- Even as Kenya’s telecoms industry recorded 4.07 million new smartphone subscribers, cyber threats continue to rise, with vulnerabilities across systems accounting for 96% of all incidences, putting at risk the country’s cash lite economy.
- Telecoms industry watchdog says 5G users consumed 46.4GB per user, which is three times more that of 4G, users even though coverage remains limited, giving telecoms an opportunity to cash in.
- The latest Oct-Dec report shows that smartphones outnumber feature phone users by 19 million units, pushing Kenya’s telecom providers closer to high-margin data and mobile service revenue streams.
Cyber threats continued to put Kenya’s increasingly cash lite economy to the test in the three months to December 2025, with industry data showing vulnerability incidences surged by over 440 percent.
According to the Communications Authority of Kenya Second Quarter (FY2025/26) Sector Statistics report, the Kenya Computer Incident Response Team recorded 4.56 billion cyber threats in the three months to December 2025.
This was a 441.3 per cent rise from the 842 million cyber events captured between July 1 and September 30, 2025. The sharp rise in cyber threats sends a loud cautionary message in a country that experienced 12 percent increase in usage of broadband services and 9.1 per cent jump in use of smartphone devices during the quarter.

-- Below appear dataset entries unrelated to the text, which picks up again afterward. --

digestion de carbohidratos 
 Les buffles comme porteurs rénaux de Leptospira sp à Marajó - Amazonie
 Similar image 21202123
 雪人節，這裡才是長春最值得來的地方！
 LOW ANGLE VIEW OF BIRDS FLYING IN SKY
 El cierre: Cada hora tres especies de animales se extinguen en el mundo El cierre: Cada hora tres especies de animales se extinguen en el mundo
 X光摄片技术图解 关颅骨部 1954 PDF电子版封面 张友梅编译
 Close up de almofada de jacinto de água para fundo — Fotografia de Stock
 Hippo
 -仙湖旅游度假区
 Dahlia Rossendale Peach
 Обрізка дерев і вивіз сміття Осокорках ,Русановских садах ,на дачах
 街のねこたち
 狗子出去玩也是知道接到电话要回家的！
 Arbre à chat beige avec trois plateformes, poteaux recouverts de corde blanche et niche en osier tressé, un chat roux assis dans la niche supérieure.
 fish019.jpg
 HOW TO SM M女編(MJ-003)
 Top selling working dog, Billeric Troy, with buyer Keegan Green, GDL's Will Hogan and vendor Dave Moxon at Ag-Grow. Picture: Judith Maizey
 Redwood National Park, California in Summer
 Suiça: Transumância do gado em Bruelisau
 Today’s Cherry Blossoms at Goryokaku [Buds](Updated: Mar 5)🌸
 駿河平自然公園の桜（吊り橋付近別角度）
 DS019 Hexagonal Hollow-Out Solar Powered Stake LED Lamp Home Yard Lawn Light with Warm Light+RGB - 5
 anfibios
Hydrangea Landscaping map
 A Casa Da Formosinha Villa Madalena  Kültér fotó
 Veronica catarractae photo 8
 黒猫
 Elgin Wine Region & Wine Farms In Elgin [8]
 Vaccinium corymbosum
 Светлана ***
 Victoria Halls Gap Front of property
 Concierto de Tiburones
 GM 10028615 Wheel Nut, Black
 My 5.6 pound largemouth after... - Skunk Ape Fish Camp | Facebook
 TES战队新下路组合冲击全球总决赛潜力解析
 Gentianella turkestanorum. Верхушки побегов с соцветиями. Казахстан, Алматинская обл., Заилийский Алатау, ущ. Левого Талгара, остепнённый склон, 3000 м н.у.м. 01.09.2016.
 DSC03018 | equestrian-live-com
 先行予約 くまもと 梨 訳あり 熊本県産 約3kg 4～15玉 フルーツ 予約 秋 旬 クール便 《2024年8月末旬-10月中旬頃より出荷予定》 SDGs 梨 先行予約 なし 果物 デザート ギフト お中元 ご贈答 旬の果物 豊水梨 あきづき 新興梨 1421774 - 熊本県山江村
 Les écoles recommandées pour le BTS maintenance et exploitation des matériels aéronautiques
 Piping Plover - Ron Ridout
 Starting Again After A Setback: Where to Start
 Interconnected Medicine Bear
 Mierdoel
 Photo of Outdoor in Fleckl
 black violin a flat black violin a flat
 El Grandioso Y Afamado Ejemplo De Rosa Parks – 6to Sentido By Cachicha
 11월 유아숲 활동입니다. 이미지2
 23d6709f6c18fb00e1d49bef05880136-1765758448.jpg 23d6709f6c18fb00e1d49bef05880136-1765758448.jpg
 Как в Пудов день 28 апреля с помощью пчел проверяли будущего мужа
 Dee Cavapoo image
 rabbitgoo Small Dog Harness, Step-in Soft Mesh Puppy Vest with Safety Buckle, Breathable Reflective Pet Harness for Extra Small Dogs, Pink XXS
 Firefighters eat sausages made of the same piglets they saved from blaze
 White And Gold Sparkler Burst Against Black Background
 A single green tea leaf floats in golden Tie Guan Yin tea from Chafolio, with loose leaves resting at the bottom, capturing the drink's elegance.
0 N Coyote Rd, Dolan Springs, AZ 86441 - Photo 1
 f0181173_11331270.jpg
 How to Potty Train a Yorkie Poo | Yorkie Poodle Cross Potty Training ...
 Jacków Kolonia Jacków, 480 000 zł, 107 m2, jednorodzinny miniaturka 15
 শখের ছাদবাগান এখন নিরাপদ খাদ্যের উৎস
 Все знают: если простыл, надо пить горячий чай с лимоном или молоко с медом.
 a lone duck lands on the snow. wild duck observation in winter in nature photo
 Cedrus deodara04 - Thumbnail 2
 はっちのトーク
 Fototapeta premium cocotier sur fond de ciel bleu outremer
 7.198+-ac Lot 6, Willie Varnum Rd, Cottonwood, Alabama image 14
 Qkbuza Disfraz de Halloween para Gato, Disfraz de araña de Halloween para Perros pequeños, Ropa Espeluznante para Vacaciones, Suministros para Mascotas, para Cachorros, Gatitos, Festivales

East Africa’s largest economy has been pushing hard on digital transformation marked by push for a national identity card programmes, and growth of mobile money services. Recently, the country unveiled a $1.18 billion artificial intelligence blueprint, all avenues that look under threat from rising cases of cyber attacks.
System vulnerabilities top vector in Kenya’s cyber threat risk
The breakdown of the 4.56 billion threats reveals a clear pattern of neglect in basic cyber hygiene. CA report shows that system vulnerabilities accounted for the overwhelming majority of incidents, about 4.37 billion events, or 96 per cent of all cases that were detected. This represents a 463 per cent increase from the 776 million system vulnerabilities recorded between July and September.
In its analysis, the Authority attributed the surge to “inadequate system patching, insufficient user awareness of phishing and other social engineering threat vectors, and the increasing exploitation of AI-driven and machine learning technologies by malicious actors.”
Other attack vectors also grew at alarming rates. Brute force attacks, where hackers attempt to guess login credentials through automated trial and error, increased by 127 percent to 42.8 million incidents. At the same time, Malware detections more than doubled, climbing 124 per cent to 70.9 million.
Most strikingly, cases of Distributed Denial-of-Service (DDoS) attacks, which are normally designed to overwhelm websites and online services until they collapse, increased by 1,117 per cent to 58.3 million events across the industry. For financial services firms, e-commerce platforms, and government portals, this signals a new and aggressive threat level.
Advisories rise but so does exposure
In response to the 4.56 billion threats, KE-CIRT/CC issued 21.8 million cyber threat advisories during the quarter, up 9.3 per cent from the previous quarter’s 19.9 million. However, the sheer volume of threats relative to advisories, 4.56 billion versus 21.8 million, could implyy that the vast majority of incidents are either automated nuisance events or, more worryingly, successful breaches that go unaddressed.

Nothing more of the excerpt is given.